A piece by Adam Chandler at Tablet describes a group of American veterans of the Israeli army who meet in New York. It is named Aluf Stone after an American soldier of an earlier generation who went to serve in Israel.  I know we’re not allowed to talk about dual loyalty. But in this day and age sometimes we have to. How many other foreign armies are calling to American youth?

And I wonder about the numbers. “Aluf Stone currently has hundreds of members around the world.”

[Lilit Marcus] sees the group as a social corrective for the isolation that many of the veterans feel: loyal to both Israel and the United States, yet with an experience that’s foreign to most other people in both countries.

“Aluf Stone occupies an interesting middle ground in the U.S. They don’t belong in U.S. veterans’ groups and networks, as they didn’t [all] serve in the American military,” she explained. “But when they interact with other Jews in the United States, they can’t necessarily share their experiences without the stories being seen as politically charged. Several of the men who attend Aluf Stone meetings have told me that they have shared stories with each other that they can’t even share with their own families.”

Some of the members also interact with Israeli-born IDF veterans who have since moved stateside—but again, their experiences are not exactly the same, and native-born Israelis sometimes look askance at these vets. A common phrase used by Israelis to describe the foreign soldiers who came to join the IDF is the Yiddish slur “freier,” which is somewhere between a fool and a sucker. While each man says the respect eventually came, the broader sense of integration often didn’t. In this way, Aluf Stone deals with the consequences of dual loyalty—of not truly belonging in either place.
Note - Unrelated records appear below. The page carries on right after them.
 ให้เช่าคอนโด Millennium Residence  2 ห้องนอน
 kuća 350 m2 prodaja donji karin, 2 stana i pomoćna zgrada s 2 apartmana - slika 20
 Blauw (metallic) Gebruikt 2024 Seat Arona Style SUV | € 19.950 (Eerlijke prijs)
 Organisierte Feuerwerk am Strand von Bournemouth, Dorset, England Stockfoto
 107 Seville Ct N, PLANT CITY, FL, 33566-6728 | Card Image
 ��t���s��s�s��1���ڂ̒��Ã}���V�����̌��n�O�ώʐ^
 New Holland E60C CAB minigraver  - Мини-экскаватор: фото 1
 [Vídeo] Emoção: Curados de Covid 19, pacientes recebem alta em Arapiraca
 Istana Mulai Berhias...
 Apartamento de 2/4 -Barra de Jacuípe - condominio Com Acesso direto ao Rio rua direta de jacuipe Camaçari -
“Some people aren’t sure why we’re in the States at all,” said Matthew Ronen, 30, another of the group’s founders—an Ohio native now living in New York City after his IDF stint. Some in the group say that Americans shun them for leaving home to serve abroad; others note that Israelis shun them for leaving Israel after their service. “If you served in the IDF, people wonder why you came back,” Ronen said. “Sometimes there’s a sense of failure there.”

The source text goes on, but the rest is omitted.